(Data items)
"""
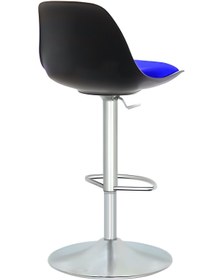 Resim Bürocci Nadya Bar Sandalyesi - Lacivert Deri - Metal Ayaklı Bar Taburesi - 9537s0103 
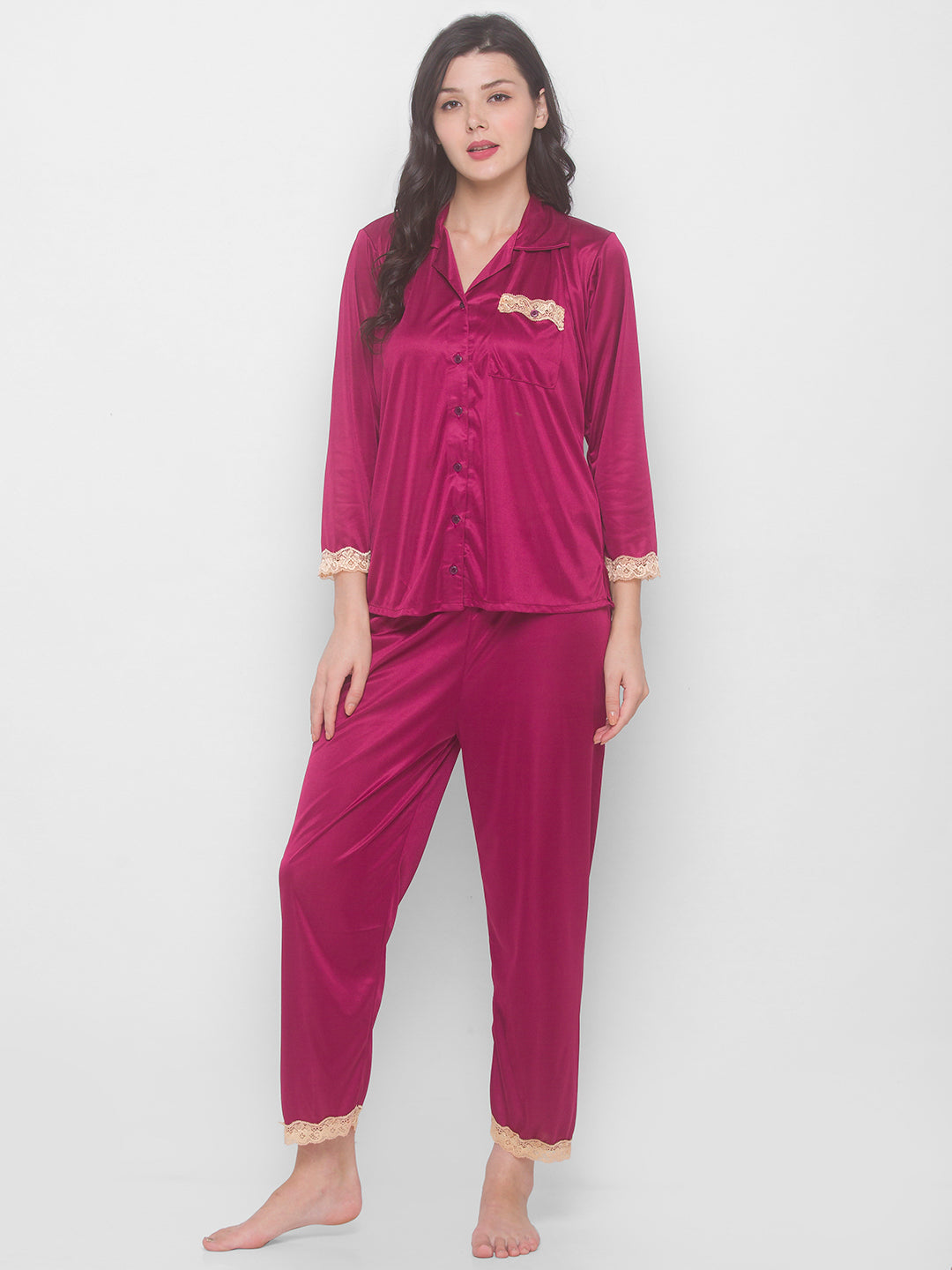 AV2 Women Satin 3/4th Sleeve Top and Pyjama Nightsuit Set - Rani 1216R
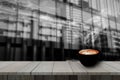 Redolent cappuccino coffee with smoke heart shape.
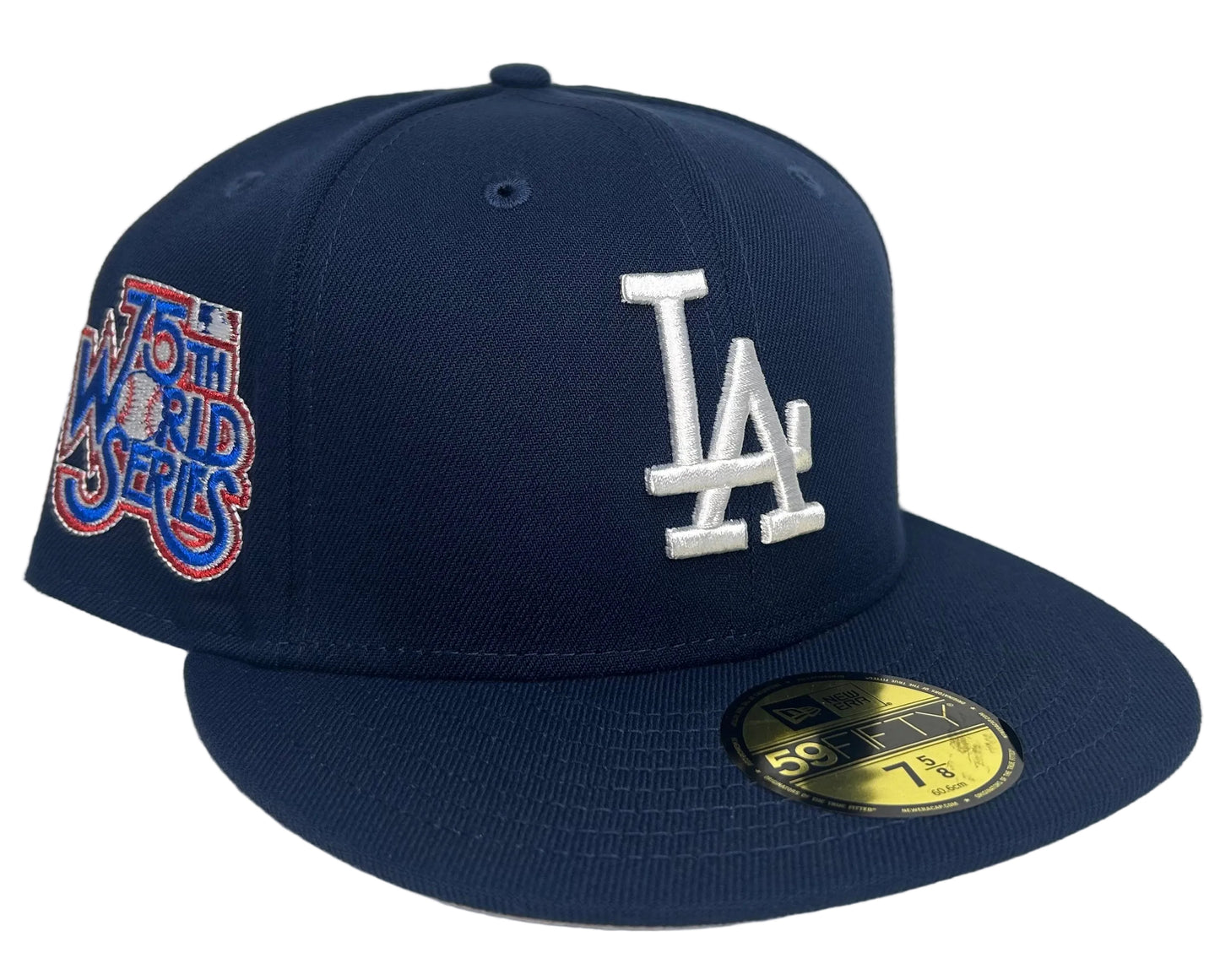 New Era 59FIFTY Los Angeles Dodgers fitted cap in navy blue with a 75th World Series side patch.
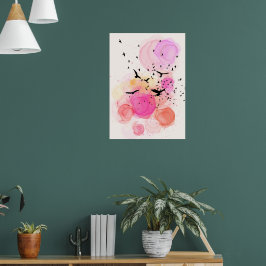 Abstract kleurig vogelpatroon poster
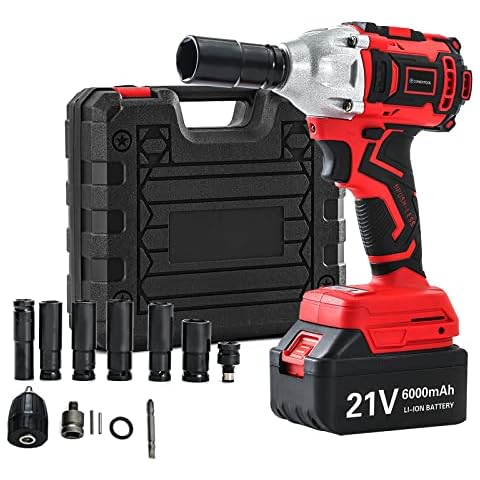 Conentool Cordless Impact Wrench with 6000mAh Battery,1/2 inch Driver,21V 460N.m High Torque with Socket Set 14mm 17mm 18mm 19mm 21mm 22mm,Variable Speed, Charger & Carry Case Cover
"""
● TRY IT
From the line containing "Redolent cappuccino coffee" down to the last line of the data above, transcribe exactly those lines and no others; omit the pictures.

● RESPONSE BOX
 Redolent cappuccino coffee with smoke heart shape.
 New Era 59FIFTY Los Angeles Dodgers fitted cap in navy blue with a 75th World Series side patch.
 Abstract kleurig vogelpatroon poster
 Conentool Cordless Impact Wrench with 6000mAh Battery,1/2 inch Driver,21V 460N.m High Torque with Socket Set 14mm 17mm 18mm 19mm 21mm 22mm,Variable Speed, Charger & Carry Case Cover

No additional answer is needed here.